Leveraging Addiction.
Ah, dopamine, you sultry little bitch.
Everything you interact with - be it apps, websites, social media feeds, groups, or whatever digital siren-song is in your ear at the moment - one thing is certain:
It is built to toy with your brain, and keep you.
Jingling coins on your favorite game app.
Quick-hit feeds of mindless entertainment.
Apps that remind you on your phone that you have not interacted with them lately.
Notifications, alerts, those irritating little badges …
It’s enough to make you feel like this …
I wrote about this recently in my BRANDING CASE STUDY. (Click it, read it, do it.)
We are indeed competing for attention on the socials, but what you also have to realize is that the socials are competing with each other for your attention as well, and there is some deep psychology behind it.

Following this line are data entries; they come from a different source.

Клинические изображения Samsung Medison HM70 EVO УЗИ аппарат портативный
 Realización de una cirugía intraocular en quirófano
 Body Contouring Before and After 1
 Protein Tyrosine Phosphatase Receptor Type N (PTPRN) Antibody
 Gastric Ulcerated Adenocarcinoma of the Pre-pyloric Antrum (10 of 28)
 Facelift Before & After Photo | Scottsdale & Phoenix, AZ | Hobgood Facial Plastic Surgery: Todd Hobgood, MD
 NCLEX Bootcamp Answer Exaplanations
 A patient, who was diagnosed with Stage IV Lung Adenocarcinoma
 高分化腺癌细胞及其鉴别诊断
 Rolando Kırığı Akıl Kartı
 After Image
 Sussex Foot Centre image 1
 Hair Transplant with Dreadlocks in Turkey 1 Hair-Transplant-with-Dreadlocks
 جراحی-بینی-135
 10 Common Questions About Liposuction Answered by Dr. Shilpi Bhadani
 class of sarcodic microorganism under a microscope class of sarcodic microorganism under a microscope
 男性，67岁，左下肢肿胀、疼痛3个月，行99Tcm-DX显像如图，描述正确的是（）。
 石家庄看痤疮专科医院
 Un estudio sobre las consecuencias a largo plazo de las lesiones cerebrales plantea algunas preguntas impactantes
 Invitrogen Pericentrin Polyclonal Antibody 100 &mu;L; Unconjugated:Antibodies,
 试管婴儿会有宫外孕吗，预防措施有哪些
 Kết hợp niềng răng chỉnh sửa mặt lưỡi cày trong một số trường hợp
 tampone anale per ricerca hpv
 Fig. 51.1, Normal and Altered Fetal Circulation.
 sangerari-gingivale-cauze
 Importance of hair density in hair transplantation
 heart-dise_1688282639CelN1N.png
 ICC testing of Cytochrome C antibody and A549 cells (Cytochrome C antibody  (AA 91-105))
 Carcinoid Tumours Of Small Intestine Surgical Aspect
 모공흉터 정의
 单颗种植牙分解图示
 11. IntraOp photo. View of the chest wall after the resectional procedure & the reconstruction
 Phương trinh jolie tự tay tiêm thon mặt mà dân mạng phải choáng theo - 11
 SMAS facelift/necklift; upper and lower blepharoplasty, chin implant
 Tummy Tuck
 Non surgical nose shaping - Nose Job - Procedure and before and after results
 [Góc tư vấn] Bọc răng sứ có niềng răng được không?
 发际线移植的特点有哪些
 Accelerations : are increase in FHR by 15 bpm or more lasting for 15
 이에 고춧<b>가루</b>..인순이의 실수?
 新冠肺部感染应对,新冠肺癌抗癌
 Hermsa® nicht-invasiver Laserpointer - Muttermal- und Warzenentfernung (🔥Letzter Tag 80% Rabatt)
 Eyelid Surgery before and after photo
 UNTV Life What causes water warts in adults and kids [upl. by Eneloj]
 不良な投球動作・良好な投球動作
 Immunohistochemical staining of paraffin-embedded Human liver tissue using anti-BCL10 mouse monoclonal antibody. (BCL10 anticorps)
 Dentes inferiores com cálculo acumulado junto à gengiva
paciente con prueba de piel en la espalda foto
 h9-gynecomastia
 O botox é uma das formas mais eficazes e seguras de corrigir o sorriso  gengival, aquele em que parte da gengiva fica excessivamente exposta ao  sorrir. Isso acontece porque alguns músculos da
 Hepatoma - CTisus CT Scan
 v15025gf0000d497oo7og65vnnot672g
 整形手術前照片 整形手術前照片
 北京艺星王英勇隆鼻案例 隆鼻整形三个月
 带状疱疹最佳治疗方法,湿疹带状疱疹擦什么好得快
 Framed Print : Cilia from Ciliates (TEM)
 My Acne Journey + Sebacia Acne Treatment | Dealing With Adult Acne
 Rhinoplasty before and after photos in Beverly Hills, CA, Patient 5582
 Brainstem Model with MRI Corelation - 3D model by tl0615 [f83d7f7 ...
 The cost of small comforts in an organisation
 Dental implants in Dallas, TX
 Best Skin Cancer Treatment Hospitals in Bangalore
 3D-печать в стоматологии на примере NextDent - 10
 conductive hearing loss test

Tech Companies Don’t Care About You.
You are a commodity to tech companies. They want your browsing habits, shopping habits, and attention 24/7 to sell advertising, get commissions, and increase the time spent on their apps.
This is why they throttle posts with outside links. They don’t want you leaving the platform.
This is why they ask you for fully unlocked permissions. They want more access to you than their competitors.
This is why the ask you to allow all photographs, allow control of your camera and phone, and basically tell you to kneel, close your eyes, and open your mouth, because here comes the internet. (Vulgar, but most people just do it without a second thought, you naughty little minxes you.)
Building Socials The “Right Way.”
I plucked this one from Elevated Marketing Solutions, but you can pretty much see this sort of thing anywhere and everywhere during discussions about branding and presenting yourself on social media:
The thing about our digital lives, my friends, is that we can’t really do much about these “necessary” apps that we use to market ourselves and generally depend on to live our lives.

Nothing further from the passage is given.